The regulatory environment of a jurisdiction can also have an impact on the implementation of IFRS, according to Ball.
Many countries that have adopted IFRS may not have the infrastructure necessary to enforce the actual implementation, and in some cases the local economic and political factors may act as a deterrent to enforcing implementation.
For example, substandard application of IFRS may arise in a jurisdiction with less developed regulatory oversight of financial reporting.
In a 2001 paper, Ball highlighted some of the interlocking infrastructures needed for an efficient public financial reporting system:
- a well-trained and competent audit profession
- separation between the systems of public financial reporting and corporate taxation
- structures of corporate ownership and governance that foster a genuine demand for reliable public information
- a system for setting and maintaining high quality independent accounting standards
- an independent legal system for detecting and penalising fraud, manipulation and failure to comply with accounting and other disclosures
Ball’s paper highlights a distinction between the information usefulness of IFRS-based financial reports and their value relevance for debt contracting.

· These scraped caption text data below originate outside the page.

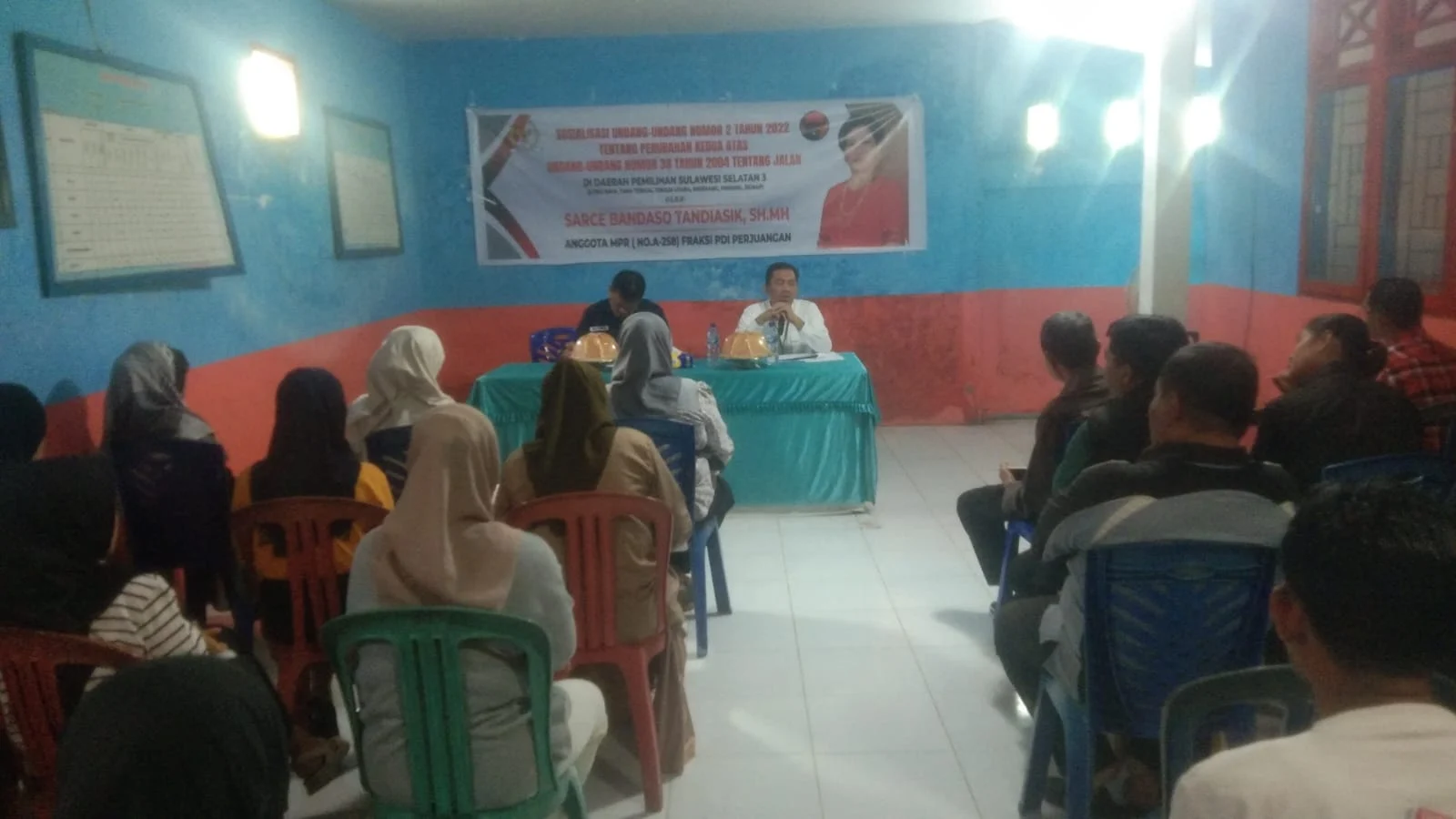 Anggota DPR ajak warga dukung pembangunan berwawasan lingkungan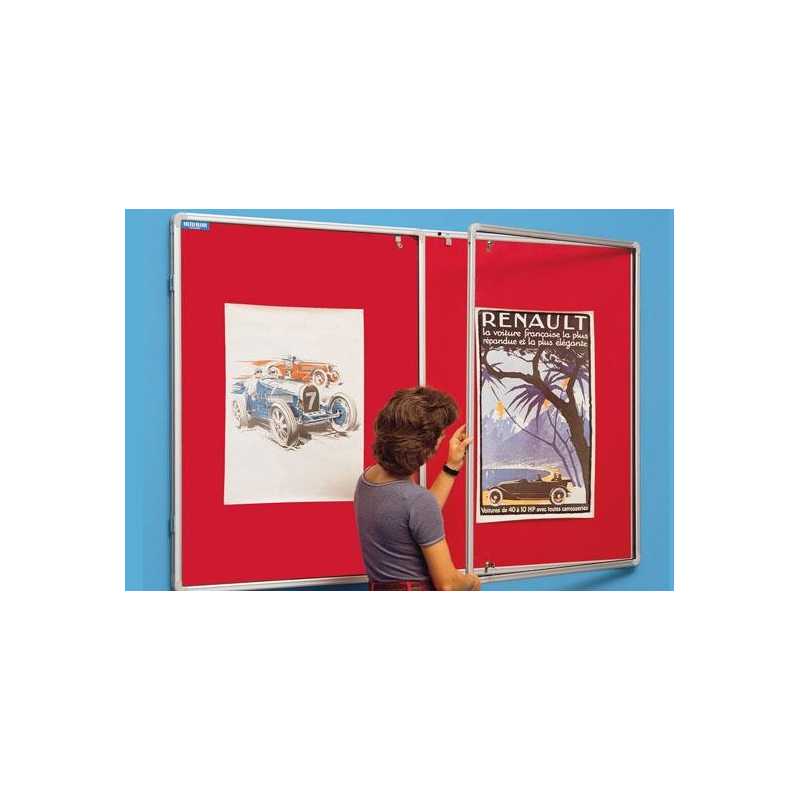 Fire Retardant Tamperproof Notice board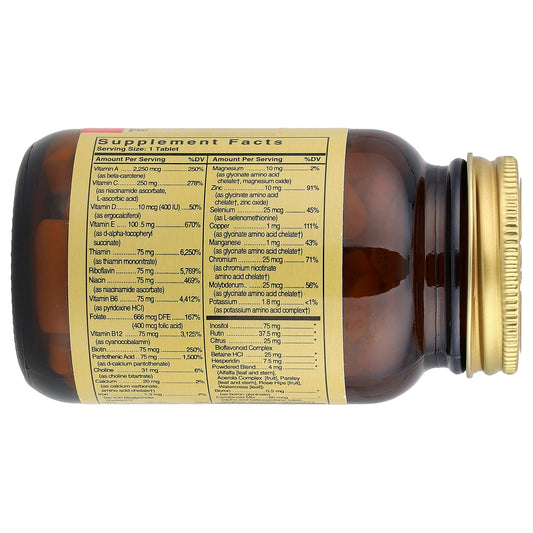Solgar, Formula V™ VM-75®, 60 Tablets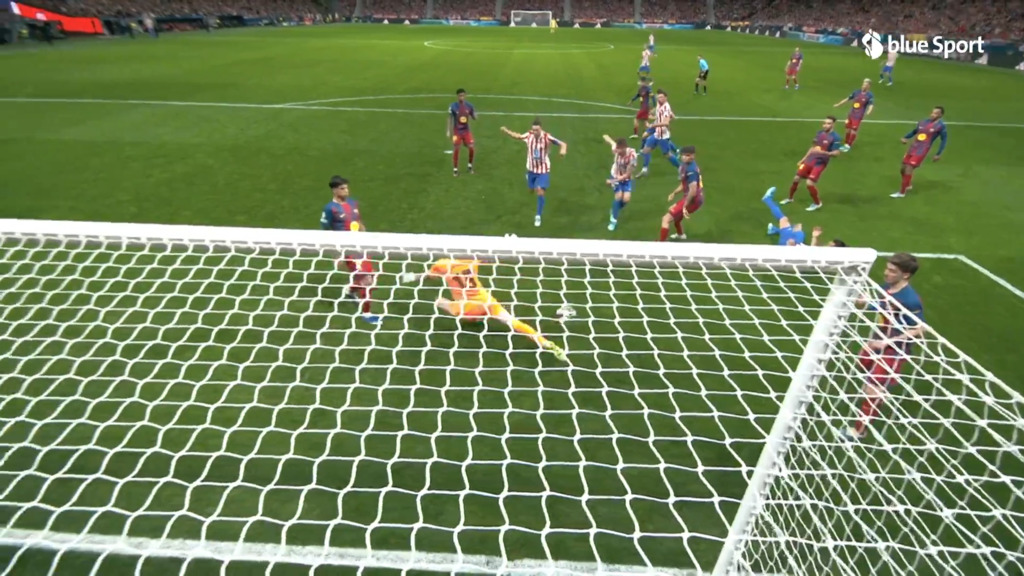 Le Normand vergibt den Matchball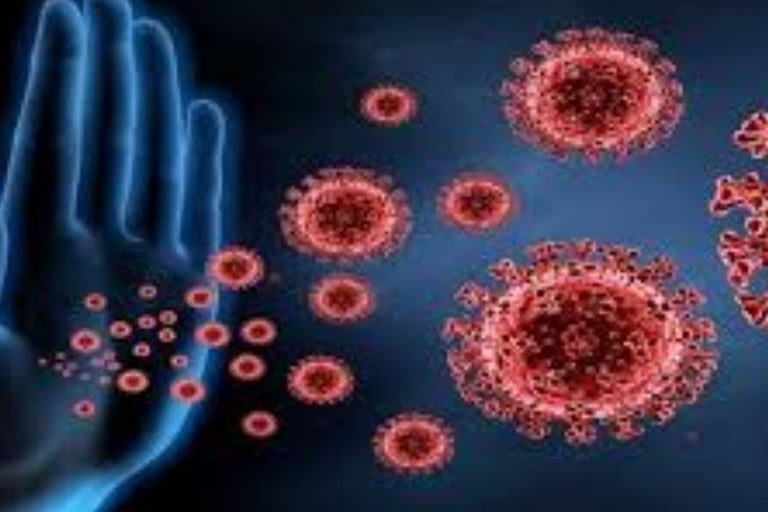 🧬🌿 الصيام والمناعة | اكتشف كيف يساعد الصيام في تهدئة جهاز المناعة وتقليل الالتهاب في أمراض الجلد ا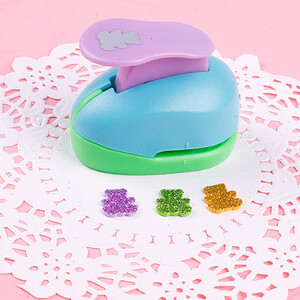 Δωρεάν αποστολή 1,5cm 5/8`` DIY Paper Cutter Eva Foam Maker Puncher Scrapbooking Cut Saving for Kid Hole Craft Punch Flower Furador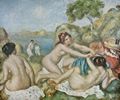 Renoir, Pierre-Auguste: Drei badende Mdchen mit Krabbe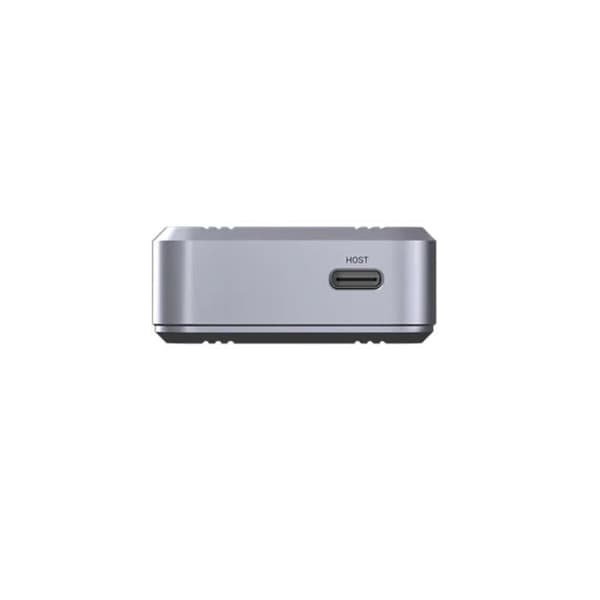 NVMe M.2 USB 4.0 40 Gbit/s - Aluminium - Grå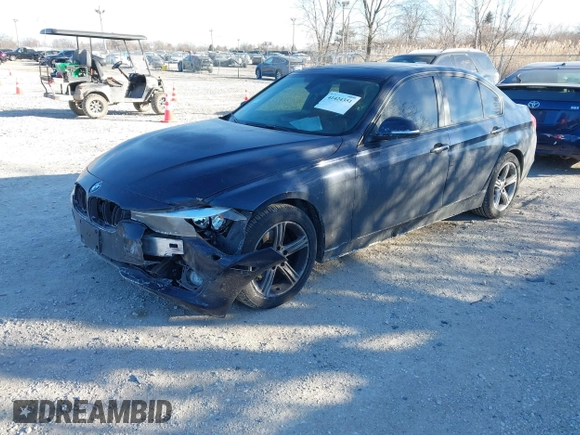 2013 BMW 3 Series 328i xDrive with VIN WBA3B5C57DF590497, listed as a IAAI auction lot 41424351 with 119,307 mi miles. Bid and sale history available at carsss.com. Image 19.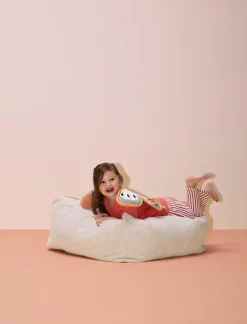 Puff de asiento Kid's Base 85x85x34 cm, natural*Kid's Concept Hot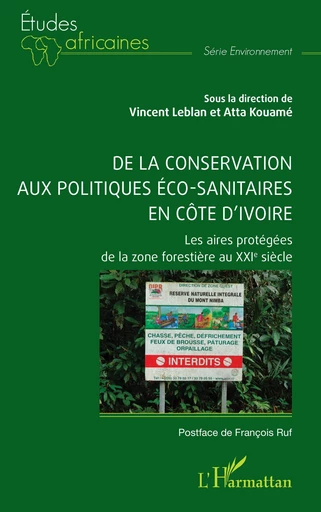 De la conservation aux politiques éco-sanitaires en Côte d’Ivoire -  - Editions L'Harmattan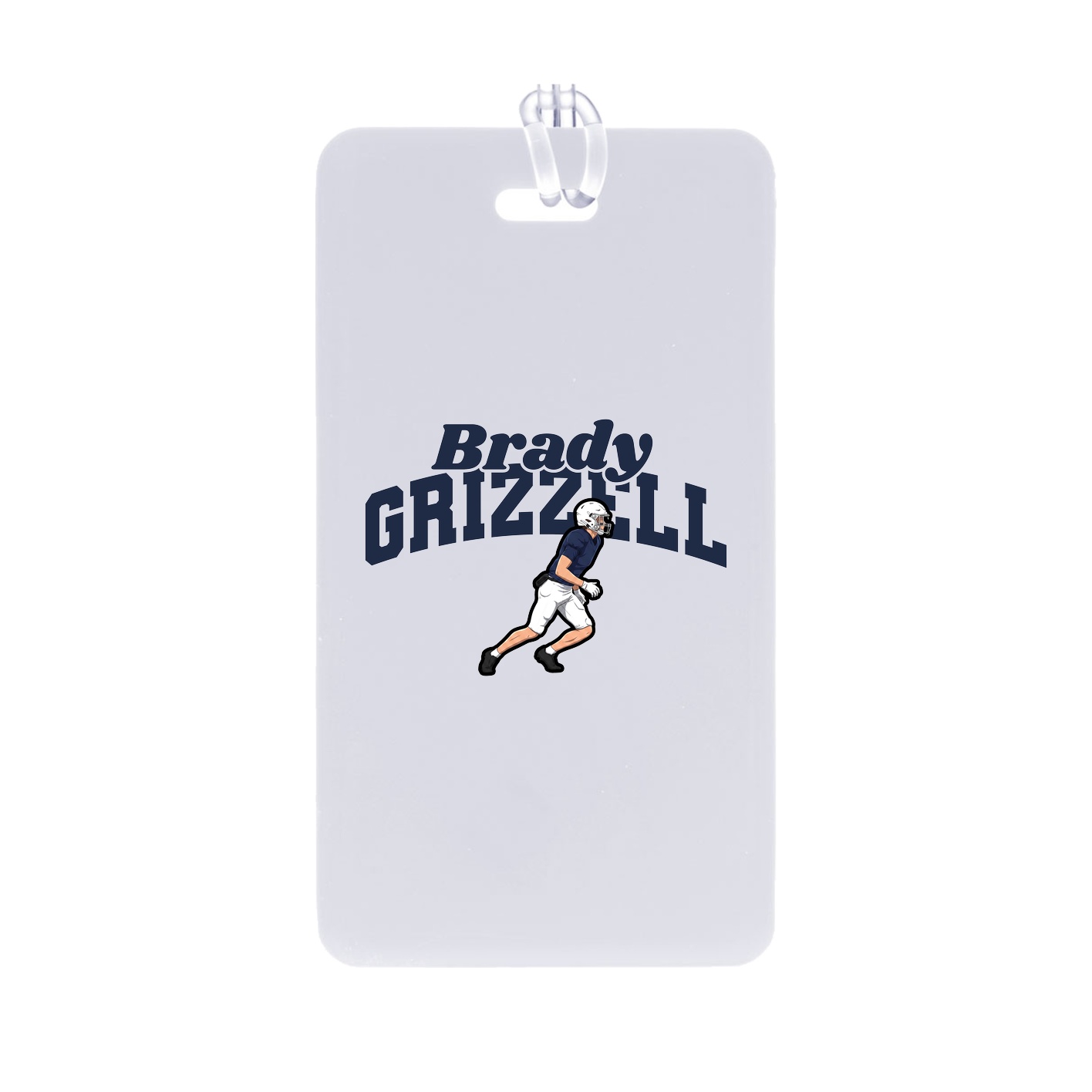 Bag Tag — Signature Arch in Classic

He observes that the considerable use of fair value measures and the associated subjectivity in estimating fair values undermines the usefulness of IFRS-based financial reports for borrowing purposes, in particular when calculating accounting-based debt covenants.
Let down by implementation
The inconsistent implementation across jurisdictions that have already adopted IFRS is undermining the primary goals of IFRS, according to Ball.
There is also the fact that some of the world’s major economies – including the US, China, India and Japan – have not adopted IFRS. Although China, India and Japan have committed to a move towards IFRS in the future, US commitment to IFRS adoption remains elusive.
Evidence from other independent research initiatives supports some of Ball’s assertions around the implementation of IFRS. A translation-related issue has been identified in a recent research report published by the Australian Accounting Standards Board.
The key findings indicate that there are differences in the interpretation by accounting professionals of the terms of likelihood (terms such as “probable”, “possible” and “virtually certain”) between Korean and English IFRS versions.
Another issue highlighted is the marked increase in non-accounting based covenants in the years since IFRS adoption. Notably, independent research funded by CPA Australia has identified an increase in the use of non-GAAP (generally accepted accounting principles) measures since the introduction of IFRS-based financial reporting in New Zealand.
While we continue to gather evidence in determining the worldwide effects of IFRS, a bigger question remains to be answered: whether periodic financial reporting, under IFRS or another framework, effectively serves user needs.